We go to Cincinnati for a three game series. The Redbirds, despite probably having 2-3 future hall of famers in their starting lineup, have looked just terrible so far this year and are chugging along extra slowly.

May 10th: We manage just one run on five hits. Once again our pitcher goes the distance and is rewarded with a loss. By the fifth inning I had turned off my radio out of sheer disgust. Redbirds 3, Bombers 1.

May 11th: We manage to get 12 baserunners, but only one of them crosses the plate all game. Now this, folks, is the team I thought I was taking over. Where the hell is the offense? Where the hell is the pitching? Our ****ing pitcher scored the only run of the afternoon. This is not good baseball. Sure Lonnie Brown is mediocre, but you guys aren’t giving him a chance. Redbirds 4, Bombers 1. 3B Don Ellis is 0-4 again and 1-16 in the last four games.

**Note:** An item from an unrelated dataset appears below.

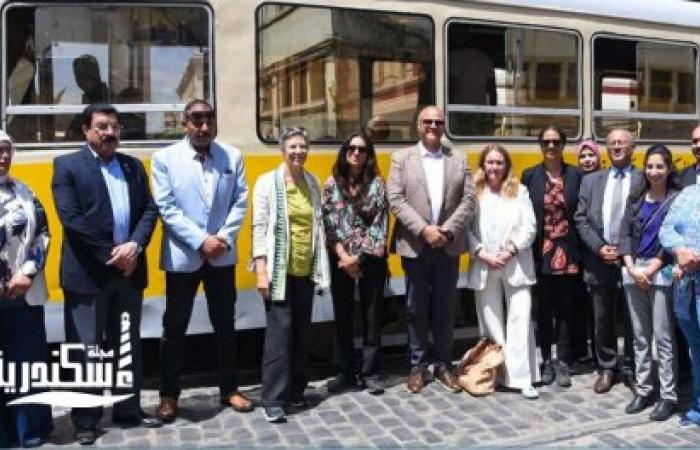 بالتعاون مع GIZ.. الإسكندرية تعلن بدء المرحلة الثانية لتطوير البنية التحتية بمنطقتي كرموز واللبان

This is something I’ll have to ask Cliff and Broadus to keep an eye on, because our best hitter declining would have serious repercussions for us.

Word comes from the Boston press that 2B Pete Ebersbacher has demanded a trade from the Trolleys due to his rapidly disappearing playing time. Ebersbacher's demand comes as a bit of surprise to the Boston fanbase, who have watched him hit more than 1600 baseballs past people in his career, and rumor has it he'd like to be traded to the Indians if at all possible. I admire the guts: demand a trade and then tell them where to send you. Still Pete might just get his wish: the Indians have a real need at every position on the diamond more or less and can you imagine the media firestorm if the Trolleys shipped him out of town forcibly?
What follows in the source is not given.